16. As to the adequacy of such compensation, the applicant argued that the determination of the market value carried out by the Benevento District Court was incorrect, as it did not take into account the fact that, according to the urban development plan in force at the time, the land was constructible.
17. The Court notes that the Benevento District Court stated, on the basis of the expertise, that the land was subject to a hydrogeological restraint and thus to an absolute prohibition on building (see paragraph 7 above) and, as pointed out by the Government, the applicant did not appeal against that judgment. Furthermore the Court observes that the Benevento District Court provided specific reasoning, which does not appear to be manifestly arbitrary, on why it chose to determine the expropriation compensation at the low end of the range indicated by the expert (see, in contrast, and mutatis mutandis , Kutlu and Others v. Turkey , no. 51861/11, §§ 72-74, 13 December 2016). In these circumstances, and having regard to the margin of appreciation afforded to national authorities in such matters, the Court is prepared to accept that the Benevento District Court awarded a sum reflecting the property’s market value.

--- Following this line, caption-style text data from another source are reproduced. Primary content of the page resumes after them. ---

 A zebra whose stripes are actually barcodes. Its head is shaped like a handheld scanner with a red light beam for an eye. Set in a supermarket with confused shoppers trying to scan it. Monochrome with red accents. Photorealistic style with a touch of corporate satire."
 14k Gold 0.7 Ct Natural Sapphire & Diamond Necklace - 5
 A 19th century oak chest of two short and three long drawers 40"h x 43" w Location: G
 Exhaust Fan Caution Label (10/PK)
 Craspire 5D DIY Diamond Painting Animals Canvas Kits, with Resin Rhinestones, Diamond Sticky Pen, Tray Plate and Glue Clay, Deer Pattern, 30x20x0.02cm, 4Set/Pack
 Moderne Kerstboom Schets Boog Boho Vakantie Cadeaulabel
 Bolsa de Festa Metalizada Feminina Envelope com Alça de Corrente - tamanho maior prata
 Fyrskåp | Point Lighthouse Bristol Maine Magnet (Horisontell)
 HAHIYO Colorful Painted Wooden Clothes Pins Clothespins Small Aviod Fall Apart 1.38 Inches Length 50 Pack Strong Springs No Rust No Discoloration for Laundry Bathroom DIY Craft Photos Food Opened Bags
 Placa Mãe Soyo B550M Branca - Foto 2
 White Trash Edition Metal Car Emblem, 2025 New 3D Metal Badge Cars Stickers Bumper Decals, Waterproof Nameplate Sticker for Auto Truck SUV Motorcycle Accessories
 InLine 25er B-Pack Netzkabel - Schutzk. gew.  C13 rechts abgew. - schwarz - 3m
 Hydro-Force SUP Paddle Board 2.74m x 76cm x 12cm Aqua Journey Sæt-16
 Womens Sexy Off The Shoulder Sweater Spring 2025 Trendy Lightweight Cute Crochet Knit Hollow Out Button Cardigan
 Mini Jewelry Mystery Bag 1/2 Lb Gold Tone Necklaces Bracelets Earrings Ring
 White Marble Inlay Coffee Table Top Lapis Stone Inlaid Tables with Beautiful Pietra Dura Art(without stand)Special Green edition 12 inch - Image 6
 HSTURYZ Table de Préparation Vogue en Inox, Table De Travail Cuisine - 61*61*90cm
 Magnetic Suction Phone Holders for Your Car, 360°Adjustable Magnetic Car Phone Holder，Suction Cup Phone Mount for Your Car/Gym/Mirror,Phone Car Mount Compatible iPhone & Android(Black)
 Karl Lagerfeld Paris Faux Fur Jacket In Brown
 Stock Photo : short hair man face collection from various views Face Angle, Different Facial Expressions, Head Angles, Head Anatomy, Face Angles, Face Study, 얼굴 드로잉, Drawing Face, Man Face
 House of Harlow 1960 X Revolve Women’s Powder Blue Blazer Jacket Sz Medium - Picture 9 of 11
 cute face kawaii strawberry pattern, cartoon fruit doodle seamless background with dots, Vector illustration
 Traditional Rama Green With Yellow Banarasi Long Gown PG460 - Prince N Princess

18. In a case similar to the one under scrutiny, the Court found that an award comparable to the one issued by the Benevento District Court had constituted appropriate and sufficient redress for the breach of Article 1 of Protocol No. 1 suffered by the applicant, who had been unlawfully dispossessed of his property, and concluded that the applicant could no longer be considered a victim of the violation complained of (see Armando Iannelli v. Italy , no. 24818/03, §§ 35-37, 12 February 2013).
19. Nevertheless, in the present case the applicant also argued that he could not obtain the restitution of the land. In this respect, the Court notes that, according to the national courts, the land had been irreversibly altered (see paragraph 6 above) and, as a consequence, no restitutio in integrum was possible. In these circumstances, the Court considers that the granting of compensation corresponding to the full value of the land may constitute an adequate form of redress (see Guiso-Gallisay , cited above, § 96).
20. In the light of the foregoing considerations, the Court is not persuaded by the applicant’s arguments to the effect that the compensation awarded to him did not constitute appropriate and sufficient redress. The Court is therefore satisfied that the applicant can no longer be considered a victim of the violation complained of.
21. It follows that the application is incompatible ratione personae with the provisions of the Convention within the meaning of Article 35 § 3 (a) and must be rejected in accordance with Article 35 § 4.
For these reasons, the Court, unanimously,
Declares the application inadmissible.
Done in English and notified in writing on 7 September 2023.